The all-perceiving Divine Eye. Depicted here gazing out upon the cosmos, the Eye functions as a multi-leveled symbol in diverse cultures. It represents both the transcendent omniscience of God and the immanent awakening of spiritual vision within all human beings. In ancient Egypt, the sun and the moon were seen as the two eyes of the falcon god Horus. When Horus later became assimilated into the funerary cult as the son of Osiris, the moon was seen as the eye he wounded in his epic battle with Set, the slayer of his father. The name "Osiris" means "the place of the Eye," and alludes to an incedent in the Osirian myth cycle in which Horus presents his wounded lunar eye as a gift to Osiris in the Underworld, therby granting him the ability to wane (die) and wax again (be reborn) like the moon. Eye amulets, called wedjets, were popular in ancient Egypt throughout the Dynastic period.
In Eastern cultures, the Eye of Buddah is still used today as a powerful protective device, and oriental esoteric traditions employ similar symbols to represent the opened "Third Eye" of the ajna chakra, often identified as the pineal gland and seen as the center of spiritual perception. Our own culture is most familiar with the Divine Eye symbol of the Masonic tradition which crowns the pyramid that appears on the back of the one-dollar bill. And, in popular comic book culture, the Marvel super-hero Doctor Strange wears the Eye of Aggamotto, a powerful amulet that gives him great occult powers. The Divine Eye depicted above traces its ancestry to all these mythic sources.
John Dee (1527-1609) became one of the most illustrious personages in Elizabethan England. As Court Astrologer to Queen Elizabeth, he found himself in a position to influence matters of state, and was employed by Her Majesty as a spy during England's struggle with Spain. Dee's reputation as a brilliant philosopher, mathematician and cartographer was only surpassed in the eyes of the public by his notariety as a magician, and he was popularly believed to have sunk the invading Spanish Armada with powerful spells. With the assistance of his scryer, Edward Kelley, Dee formulated one of the most complete and complex systems of magic in the Western Esoteric Tradition. In spite of his towering accomplishments, Dee fell out of favour at Court after the death of Elizabeth. King James, her superstitious successor, harbored a positive dread of anything magical and abandoned the old magician, who languished in poverty at his estate at Mortlake until his death.

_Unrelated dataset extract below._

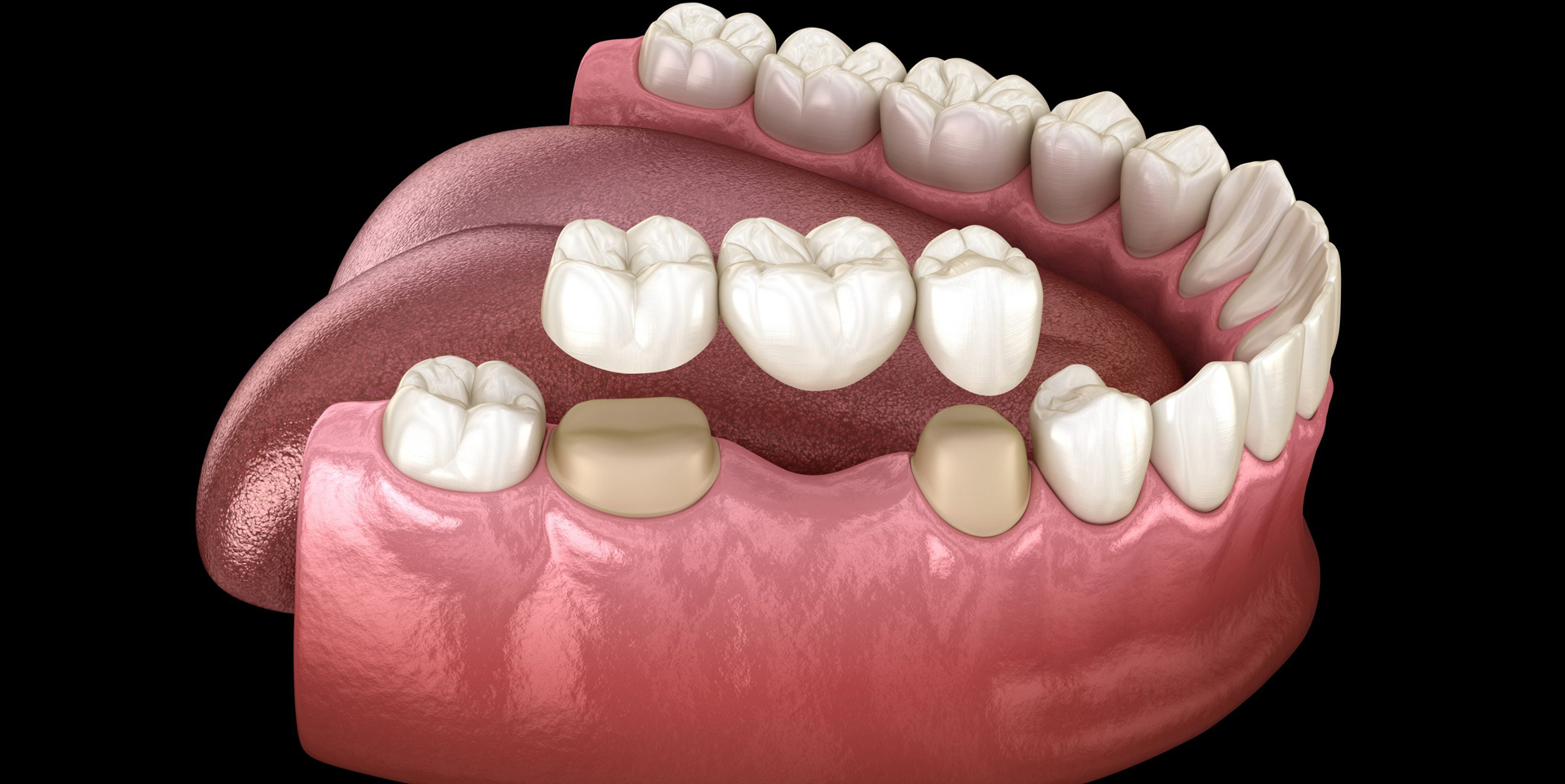 Replace missing teeth with dental bridges at Coastal Dental Arts in Peabody, MA.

Solomon's Triangle, a well known Goetic symbol used in evocation, is here intentionally portrayed as an optical illusion in order to stress its ability to transcend the laws of the normal, common sense world. As a portal between dimensions, its uses go beyond mere evocation and include scrying and astral projection.
In all places and times, mystics and magicians have organized their spiritual experiences of the higher planes by formulating cosmologies. Below are some of the metaphysical maps used by various explorers to help them chart a course through the hidden worlds...
Journeys to the Underworld. The insight that the cosmos consists of different levels or dimensions first emerged in prehistoric Shamanic societies, along with the belief that humans could travel to these dimensions in dreams, at death, or with the aid of magic. In ancient Egypt, these beliefs were refined over the millenia into elaborate cosmologies, traces of which may be found in the numerous funerary texts written on papyrus scrolls or painted and carved onto the walls of tombs. The Old Kingdom Pyramid Texts, the Middle Kingdom Coffin Texts, and the extensive funerary literature of the New Kingdom and Third Intermediate Period provide detailed maps for travelers in these unearthly realms. The image above comes from the tomb of Thothmosis III in the Valley of the Kings, and depicts a section of a work called the Amduat ("That Which is in the Underworld.") This text describes the "Twelve Mansions of the Hours of the Night" through which the sun god (and the dead pharoah) must pass after setting in the west (dying.) It also supplies the spells and passwords that must be recited when confronted by the guardians of the Gates, who will halt the progress of anyone lacking proper magical preparation and credentials.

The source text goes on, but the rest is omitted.